Every line below is to be set down again exactly; any image stays out.

═══ Dataset content ═══

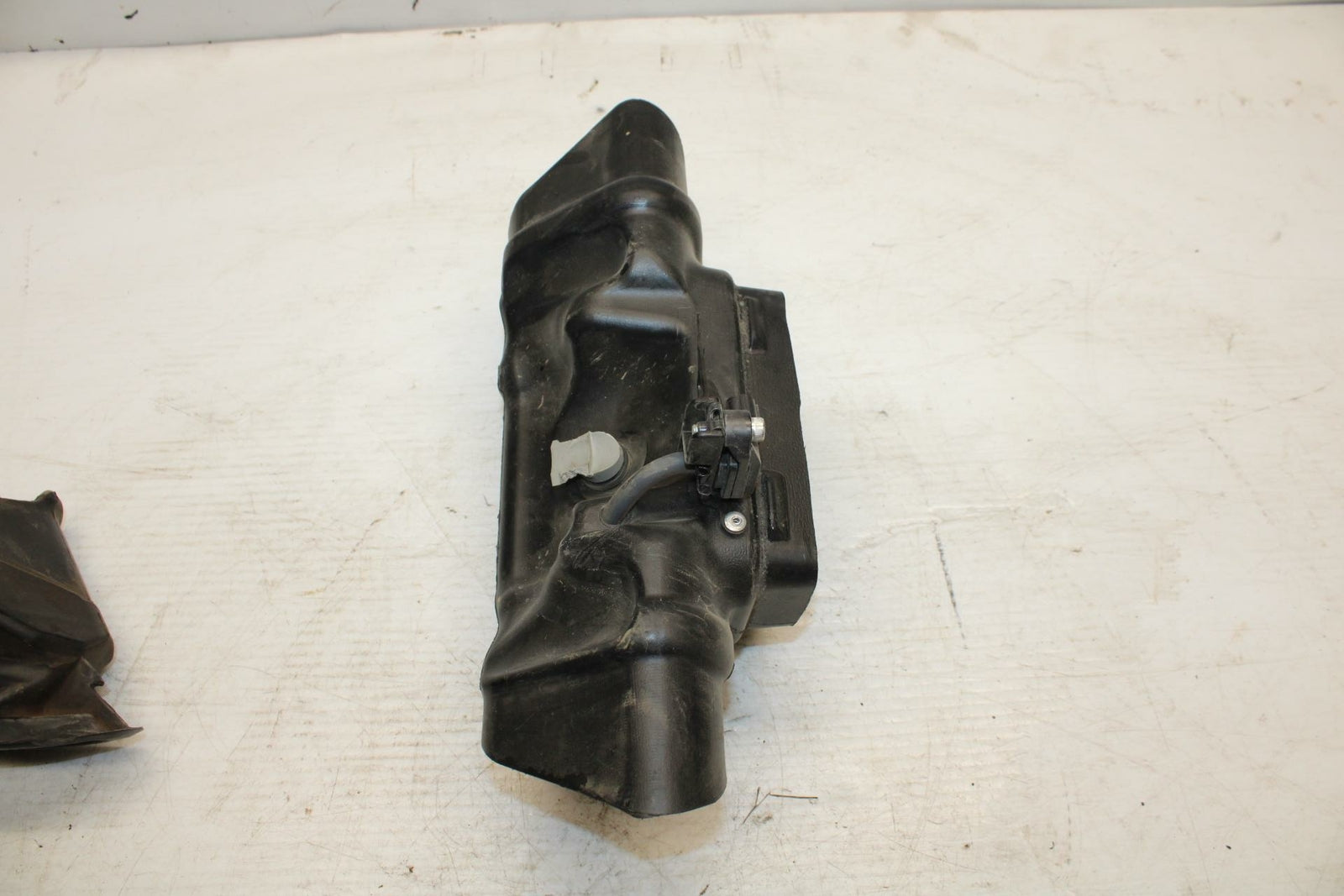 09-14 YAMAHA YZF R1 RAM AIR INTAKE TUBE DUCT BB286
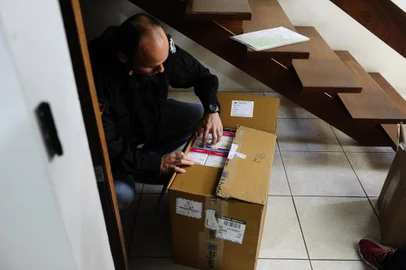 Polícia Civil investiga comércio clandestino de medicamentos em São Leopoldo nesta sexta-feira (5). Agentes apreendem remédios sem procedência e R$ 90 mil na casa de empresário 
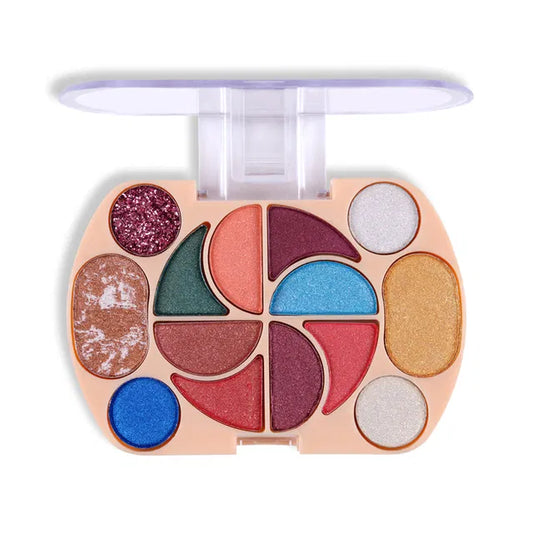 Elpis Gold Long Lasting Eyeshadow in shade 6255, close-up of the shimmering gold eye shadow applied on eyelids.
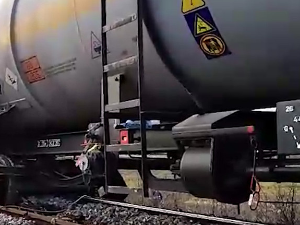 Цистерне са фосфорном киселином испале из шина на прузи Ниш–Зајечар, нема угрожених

═══

■ Response to the exercise
 09-14 YAMAHA YZF R1 RAM AIR INTAKE TUBE DUCT BB286
 Polícia Civil investiga comércio clandestino de medicamentos em São Leopoldo nesta sexta-feira (5). Agentes apreendem remédios sem procedência e R$ 90 mil na casa de empresário 
 Elpis Gold Long Lasting Eyeshadow in shade 6255, close-up of the shimmering gold eye shadow applied on eyelids.
 Цистерне са фосфорном киселином испале из шина на прузи Ниш–Зајечар, нема угрожених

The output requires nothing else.